The EU political director, Enrique Mora, afterward proposed via Twitter an informal meeting of all participants, saying the nuclear accord was at a "critical moment" - ahead of a weekend deadline for Iran to restrict some UN nuclear inspections.
"The United States would accept an invitation from the European Union High Representative to attend a meeting of the P5+1 and Iran to discuss a diplomatic way forward on Iran's nuclear program," State Department spokesman Ned Price said.
The group which sealed the 2015 deal includes the United States and Iran as well as Britain, China, France, Germany and Russia.
Former president Trump withdrew from the nuclear accord and instead imposed sweeping sanctions aimed at bringing Iran to its knees.
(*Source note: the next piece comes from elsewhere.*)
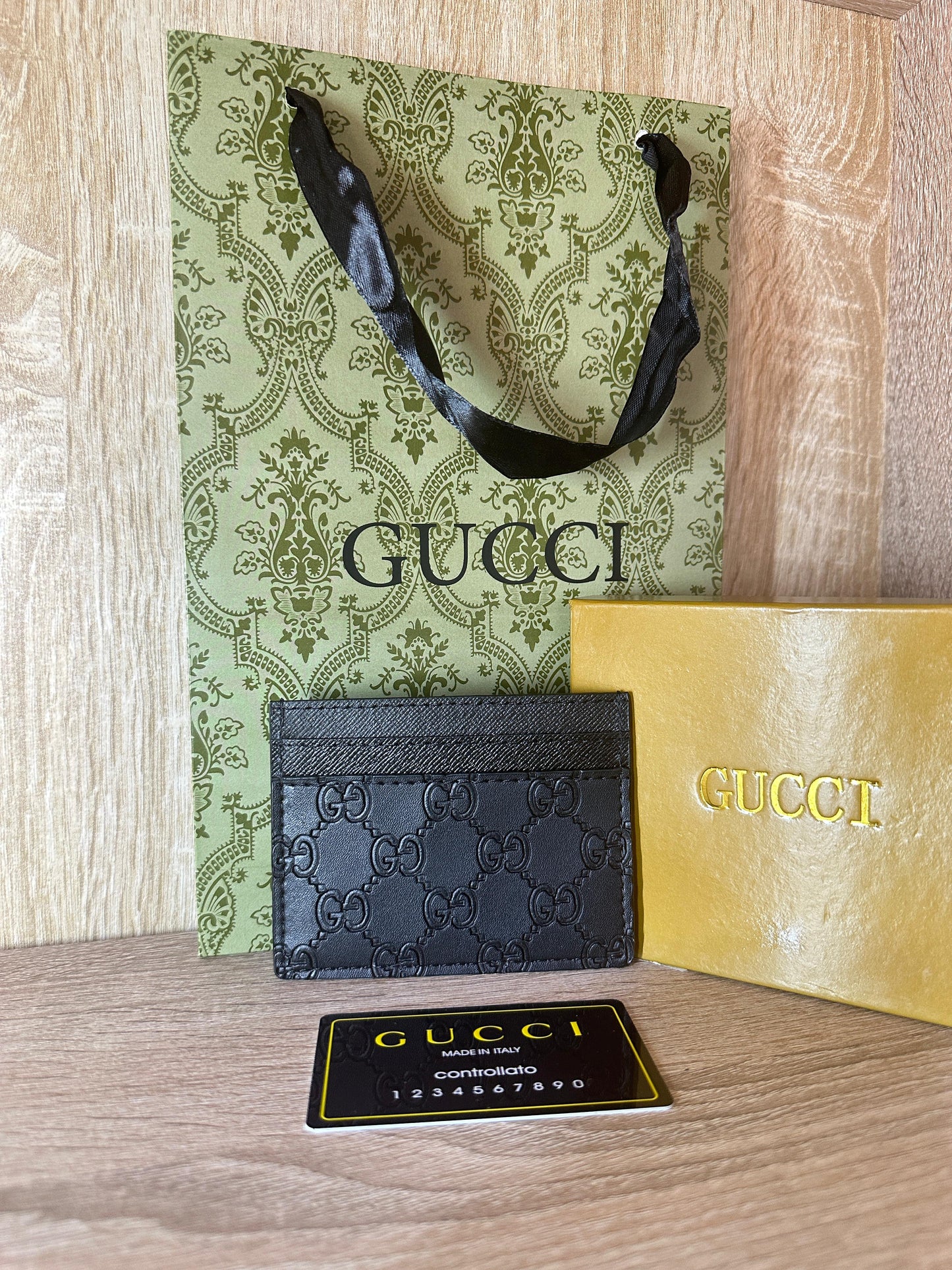 PORTEFEUILLE GUCCI NOIR HOMMES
But President Joe Biden has supported a return to diplomacy, saying that the 2015 accord was effective in reducing Tehran's nuclear program.
It remains to be seen if Iran will also be willing to sit down with the United States.
Iran has insisted that the United States first lift sanctions before it returns to full compliance with the 2015 accord, reversing steps it took in protest against Trump's measures.
In one step Thursday, the Biden administration said it was no longer contending that the United Nations had imposed new sanctions on Iran.
In a letter, the acting US ambassador to the United Nations, Richard Mills, said that sanctions said to be reinstated in August "remain terminated."
Former secretary of state Mike Pompeo had argued that the United States was still technically a participant in the 2015 accord and was triggering UN sanctions for violations.
Even close US allies dismissed the argument and the United Nations said that no such additional sanctions had come into force.